Using a polymer jacket has a number of potential advantages for the company and the shooter. First, Federal may be able to manufacture these bullets for less money than if the company used a traditional copper jacket. This can work out to be lower prices for the consumer.

Secondly, by using a polymer jacket, there can be less fouling of the bore. Plain lead bullets can leave quite a bit of residue behind that is tough to scrub out. Copper jackets reduce the fouling, but copper is still tough to remove from a bore. Any polymer left behind is likely to be easier to remove from the pistol’s barrel.

Another potential benefit of using a polymer jacket is a reduction in “splash back” when shooting steel. Shooting steel targets is both fun and useful as a training tool. However, one of the risks involved bullet shrapnel bouncing back at the shooter. Even when operating at supposedly safe distances, I’ve seen part of a copper jacket come back and strike a shooter just above the eye. In theory, a polymer jacket will not rebound off of steel in the same way that copper would.

American Eagle Syntech ammunition is not the first time the company has used a polymer jacket. Federal used a polymer jacket on its popular Nyclad line of ammo many moons ago, and still does on the modern Nyclad .38 Special rounds.

For these loads, Federal used a soft lead alloy that would readily expand at even low velocities. However, copper jackets would inhibit expansion, and bare lead would leave a lot of gunk behind in the gun. To solve the problem, a polymer jacket was developed.

While the Nyclad line was eclipsed by other defensive ammunition lines, I am not familiar with any problems with the ammo caused by the polymer jacket.

I do not have any word on pricing yet for these rounds. As I get additional information leading into the SHOT Show, I will update this article.

By Richard Johnson

Richard Johnson is a gun writer, amateur historian and - most importantly - a dad. He's done a lot of silly things in his life, but quitting police work to follow his passion of writing about guns was one of the smartest things he ever did. He founded this site and continues to manage its operation.

7 replies on “American Eagle Syntech Ammunition”

So they have taken what cast bullet shooters have been doing for years “powder coating” and saying they invented it?

They may be the first to sell it as manufacturered ammo. But credit belongs to the home casters that have devopled and tested this method.

I’m glad to see it on the market. But I’ll still cast my own

Search powder coated bullets in

Not just that, but Herter’s has been doing it for a while now with their cheap aluminum cased ammo.

I don’t claim to know everything about loading, as I only got into it during the late 90’s and have been a bit slack in pulling the handle in recent years. So, I’m not sure when folks started handloading coated bullets.

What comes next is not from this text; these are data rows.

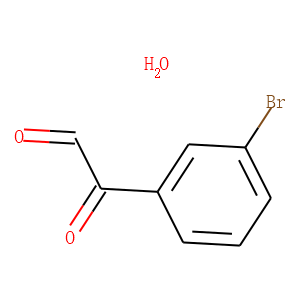 3-BROMOPHENYLGLYOXAL HYDRATE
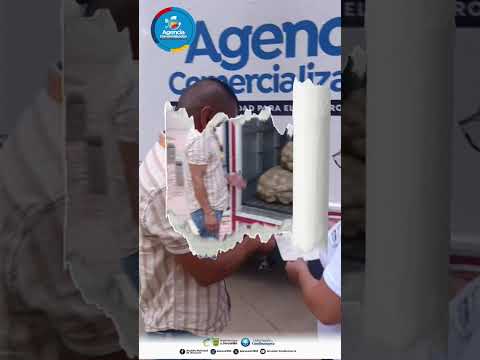 Donación Agencia de Comercialización e Innovación para el Desarrollo de Cundinamarca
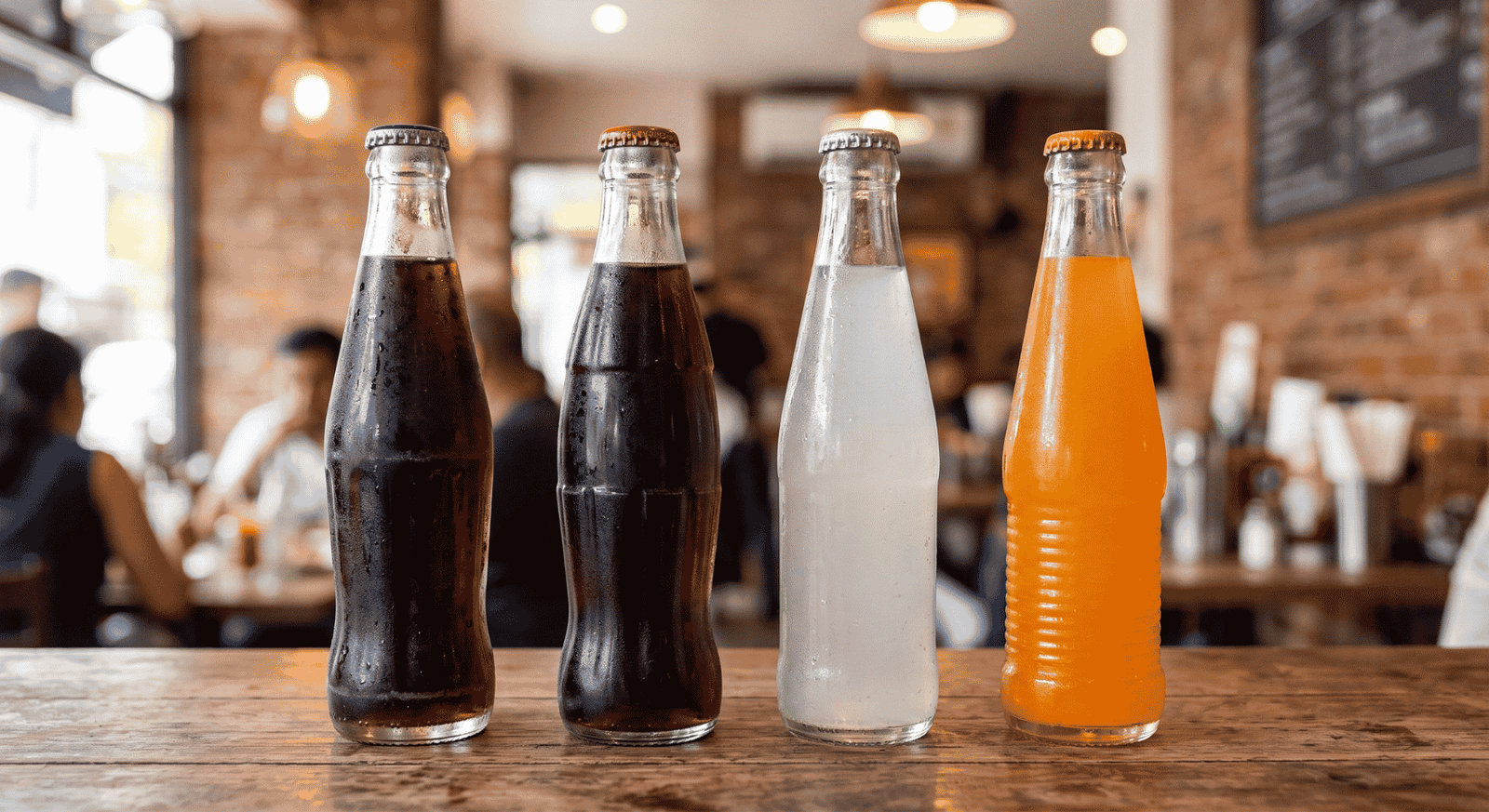 Soft Drinks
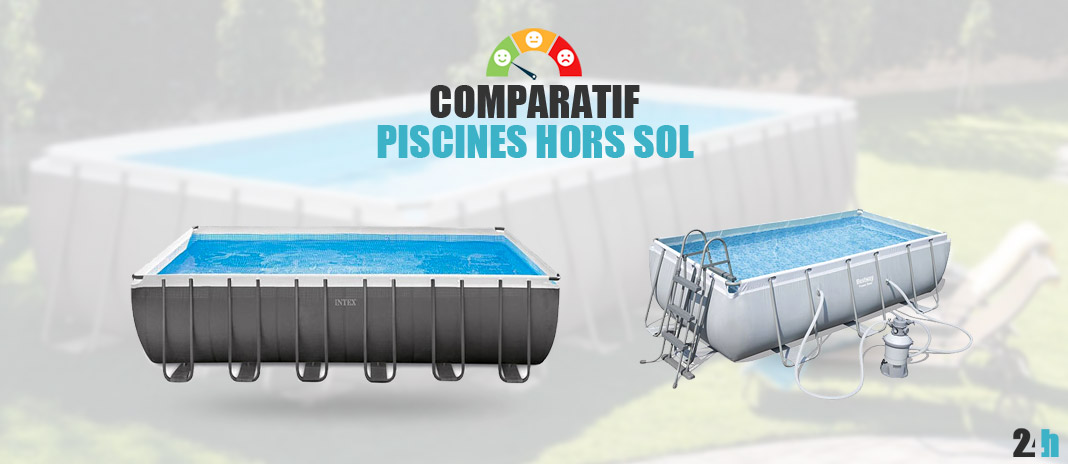 Les Meilleures Piscines Hors Sol 2019 Comparatif Et Guide Dachat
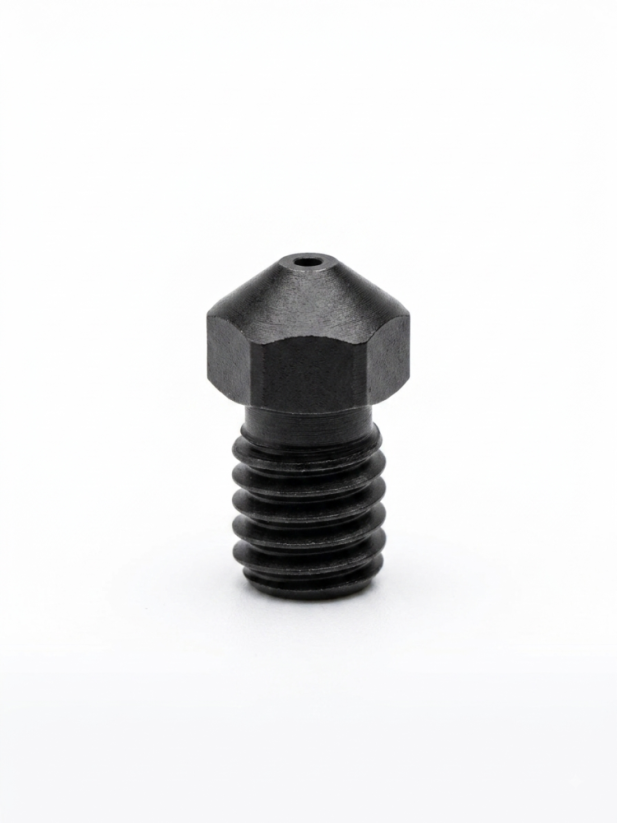 Nozzle Superlab V6, hardened steel 0.6 mm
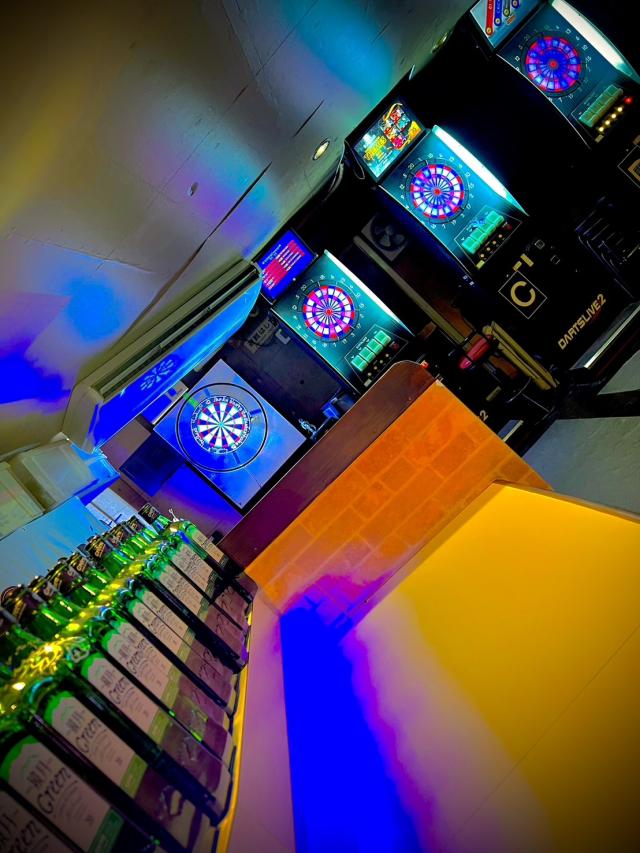 Dart&sportscafe D-TARGET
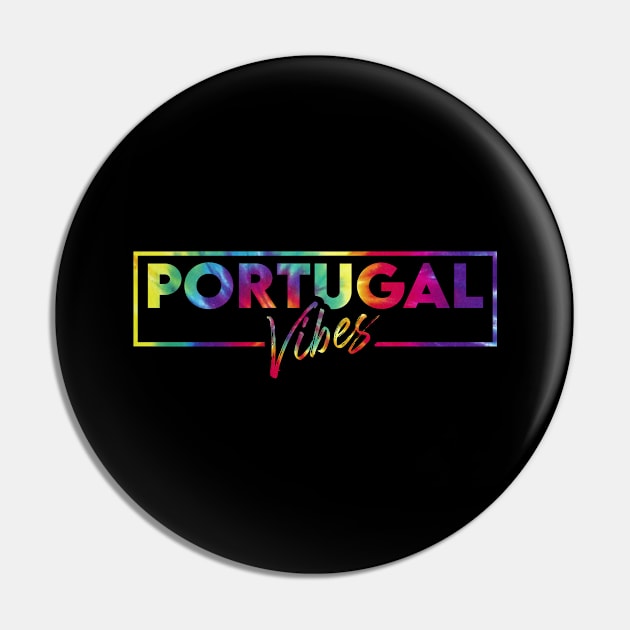 Portugal vacay vibes tie dye art Pin by SerenityByAlex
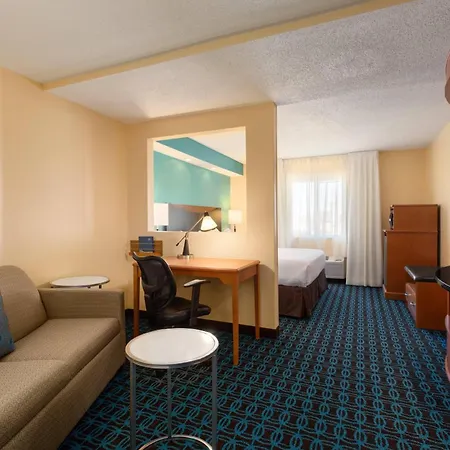 Fairfield Inn & Suites Amarillo West/Medical Center-3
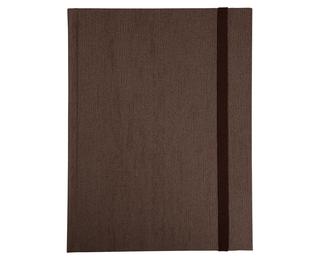 Carnet Nature 220x170, 192 pages lignées 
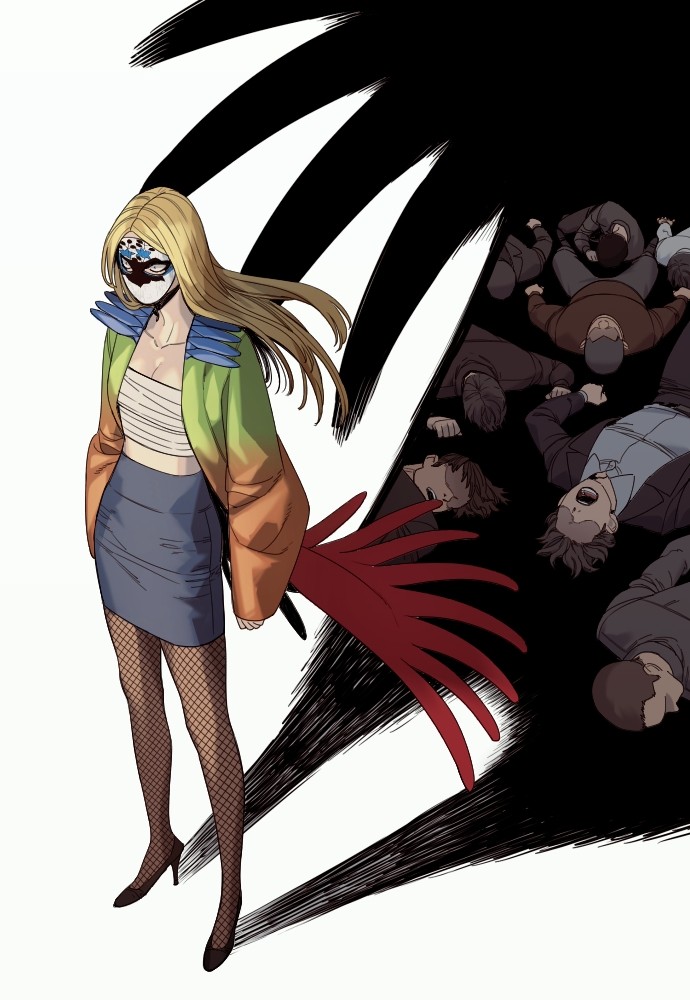 Read Killer Reborn FR Manga Online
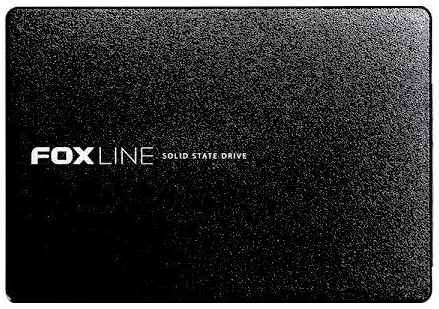 SSD накопитель Foxline FLSSD512X5 512 Gb SATA-III FLSSD512X5 2034796363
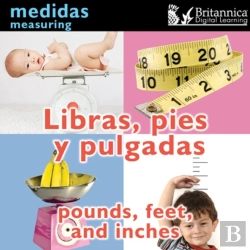 Bertrand.pt - Libras, Pies Y Pulgadas (Pounds, Feet, And Inches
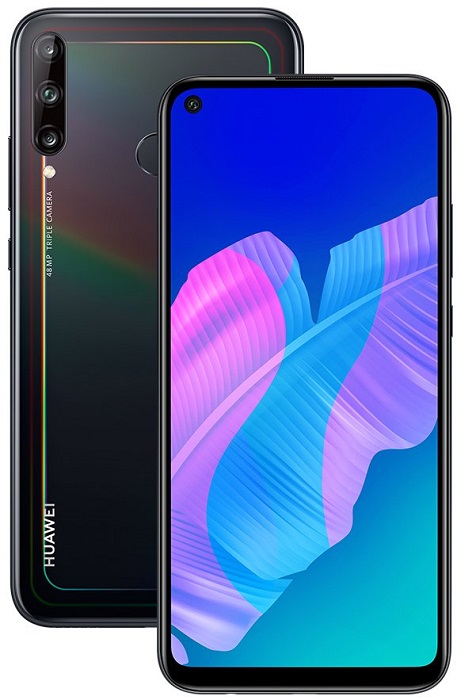 Смартфон Huawei P40 lite E 4/64Гб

However, if memory serves, Smith & Wesson began loading the Nyclad line in the 70’s after they purchased the Alcan brand. After a few years, the Nyclad brand/technology was purchased by Federal who expanded the line. Somewhere in the 90’s the company shut down the line for lack of sales. Then in recent years, Federal returned the Nyclad .38 Spl 125 gr HP to production as a standard pressure defensive load for J-frames and the like.

I presume that this is an extension of the company’s Nyclad manufacturing history, and essentially a return to where S&W first started the line – as a non-HP bullet that acts as a TMJ (for lead purposes anyway) at a less cost than copper.

Like a lot of innovations, I would not be surprised to discover that someone working on his bench came up with the concept in the 60’s (or whenever) and later Alcan/S&W figured out how to do it on a larger scale.

Like you, I’m glad to see it on the market. More options is more better. Especially for those of us who don’t pull the handle as often as we would like.


Yes. I was doing some more reasrach on it myslelf as well.

Altnerate coating’s have been played with and tested for decades.

Nyclad is a nylon coating. This is a polymer plastic.

Tons of load data and test results for pc.

“A rose by any other name would smell as sweet”, in this case powder coating would shoot just the same. Glad I can make my own.